Your assignment | Below this line are records; write out exactly the lines from the one containing "SUMO1 antibody [SM1/495]" through the one containing "Western blot analysis", with the pictures left out.

Dataset entries |

----------

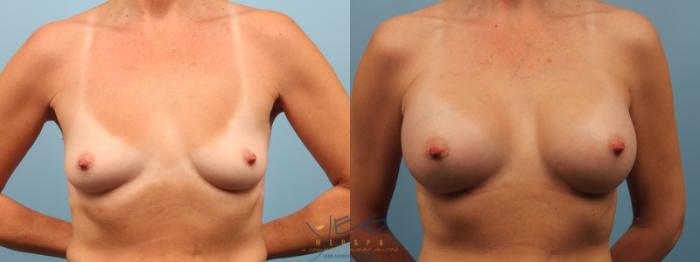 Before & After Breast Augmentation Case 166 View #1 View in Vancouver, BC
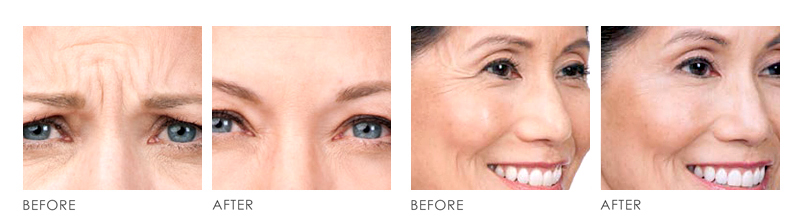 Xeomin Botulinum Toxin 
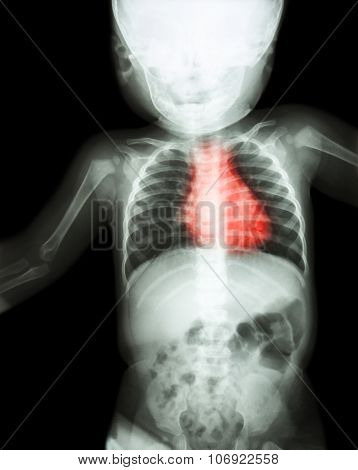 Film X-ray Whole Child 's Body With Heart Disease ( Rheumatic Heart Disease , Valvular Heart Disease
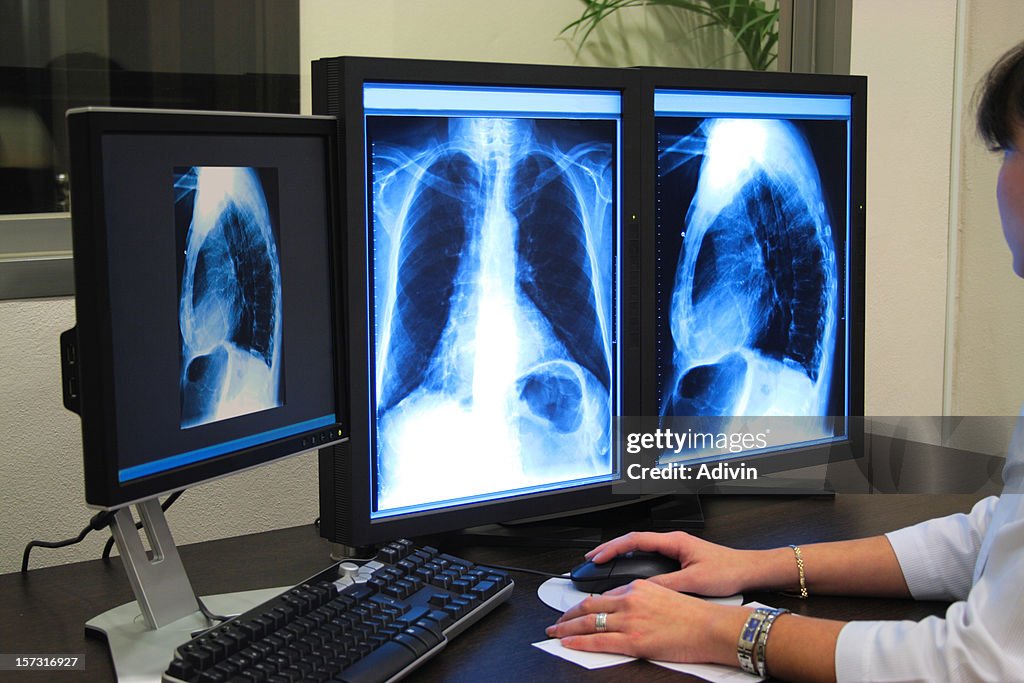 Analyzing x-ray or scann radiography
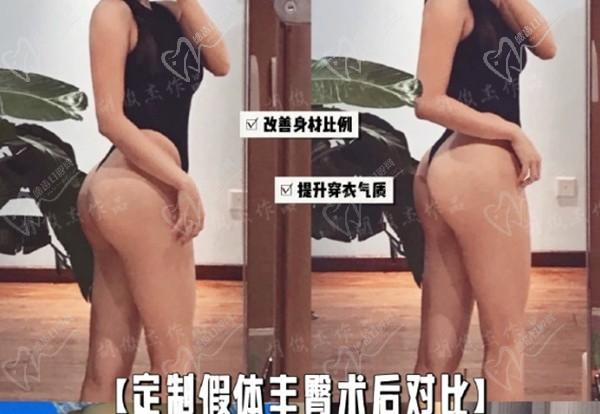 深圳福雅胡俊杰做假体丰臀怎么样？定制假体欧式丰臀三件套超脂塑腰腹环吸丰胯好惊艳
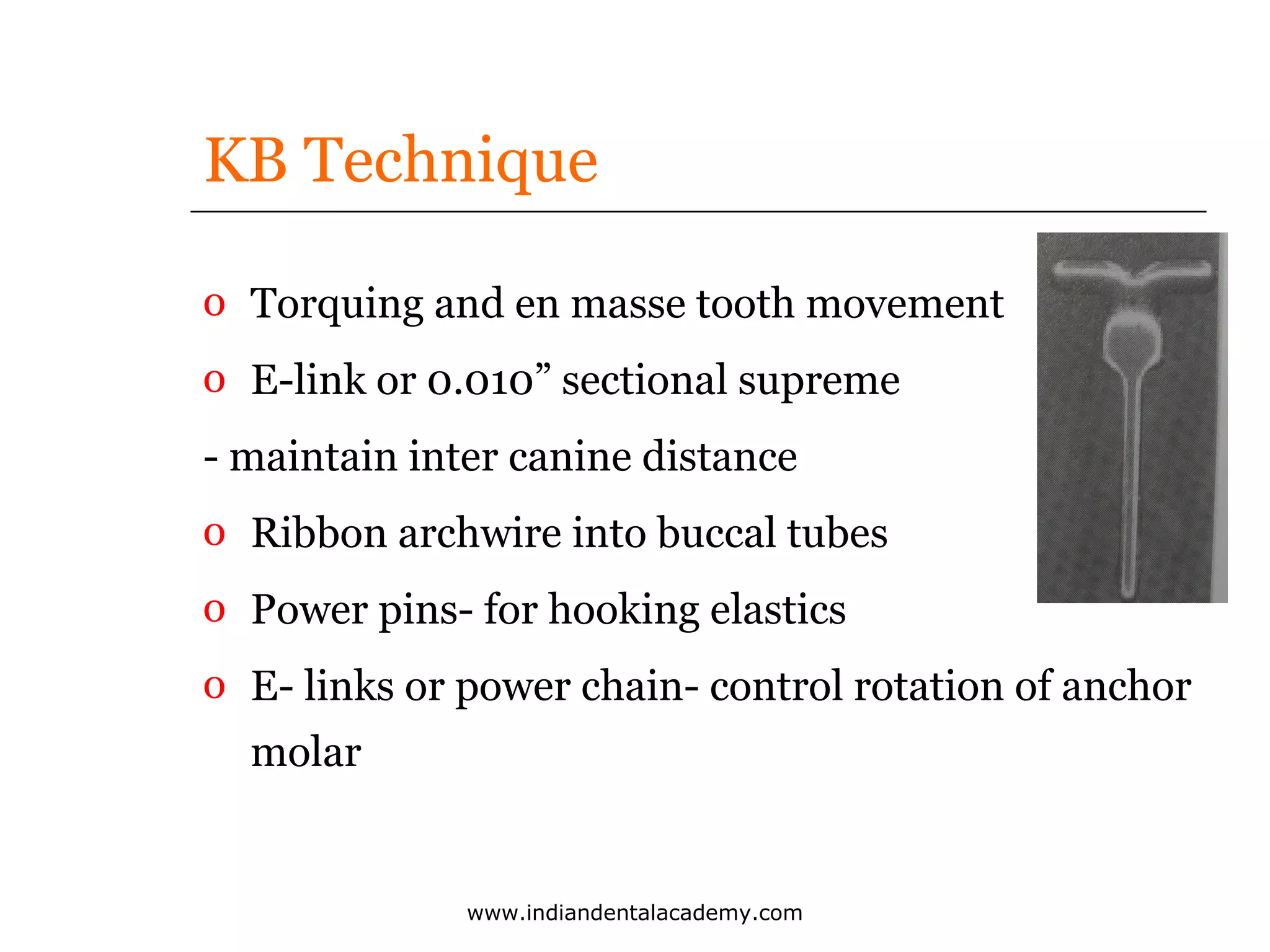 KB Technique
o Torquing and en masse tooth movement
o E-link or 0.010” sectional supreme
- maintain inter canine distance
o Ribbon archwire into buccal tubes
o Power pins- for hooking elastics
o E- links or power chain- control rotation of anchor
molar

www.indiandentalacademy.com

----------

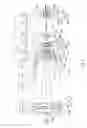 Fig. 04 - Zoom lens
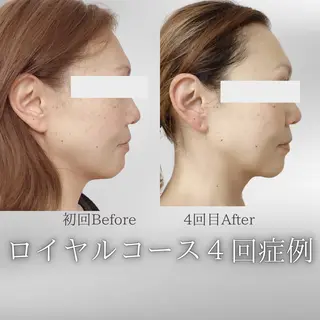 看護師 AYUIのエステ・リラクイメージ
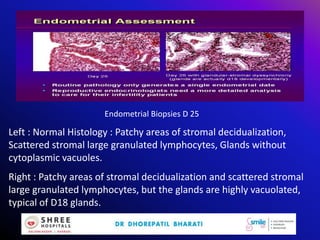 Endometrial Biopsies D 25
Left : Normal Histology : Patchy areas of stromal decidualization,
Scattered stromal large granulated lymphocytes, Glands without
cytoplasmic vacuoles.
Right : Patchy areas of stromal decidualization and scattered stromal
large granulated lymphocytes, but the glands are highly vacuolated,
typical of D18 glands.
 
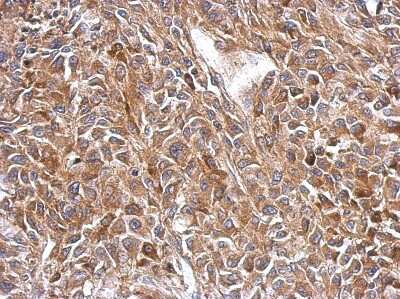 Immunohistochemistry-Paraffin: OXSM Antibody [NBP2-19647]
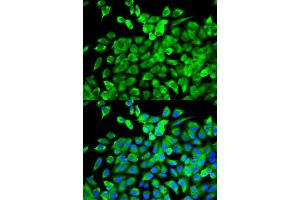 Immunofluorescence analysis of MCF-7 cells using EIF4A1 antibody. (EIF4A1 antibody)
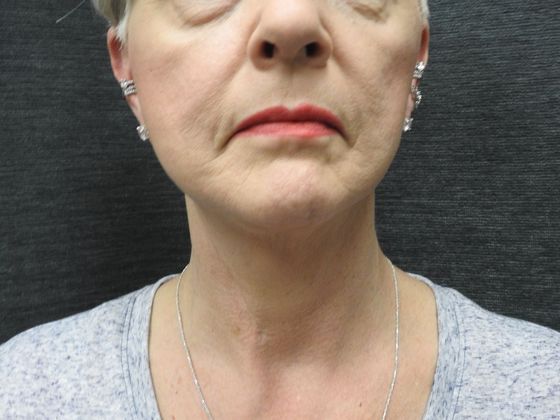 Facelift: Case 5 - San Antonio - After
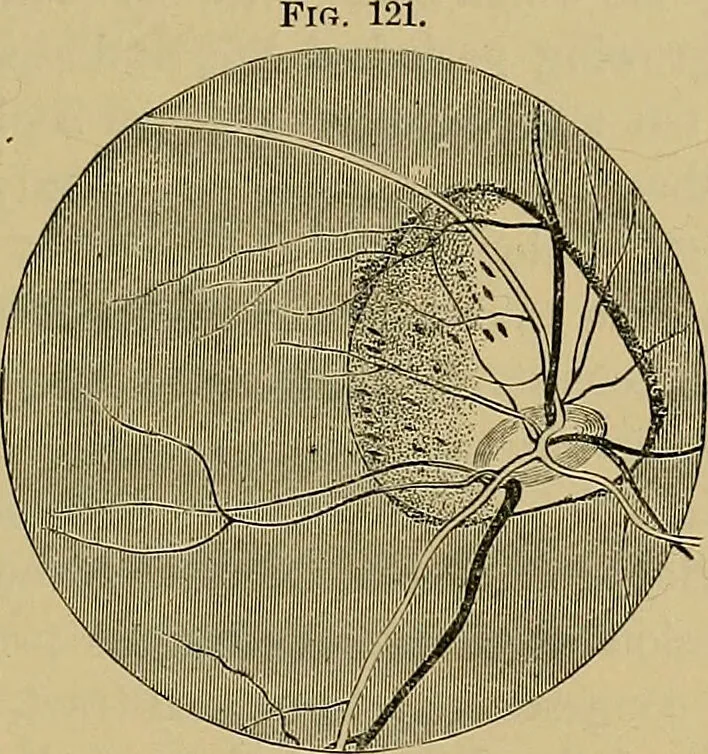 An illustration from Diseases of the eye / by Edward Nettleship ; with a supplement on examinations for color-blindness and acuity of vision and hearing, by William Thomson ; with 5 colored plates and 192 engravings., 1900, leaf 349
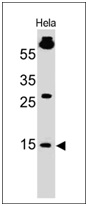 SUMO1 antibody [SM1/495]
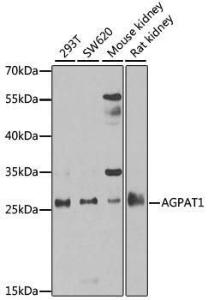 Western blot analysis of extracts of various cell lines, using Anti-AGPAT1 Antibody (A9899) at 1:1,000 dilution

----------

Answer box |
 SUMO1 antibody [SM1/495]
 Western blot analysis of extracts of various cell lines, using Anti-AGPAT1 Antibody (A9899) at 1:1,000 dilution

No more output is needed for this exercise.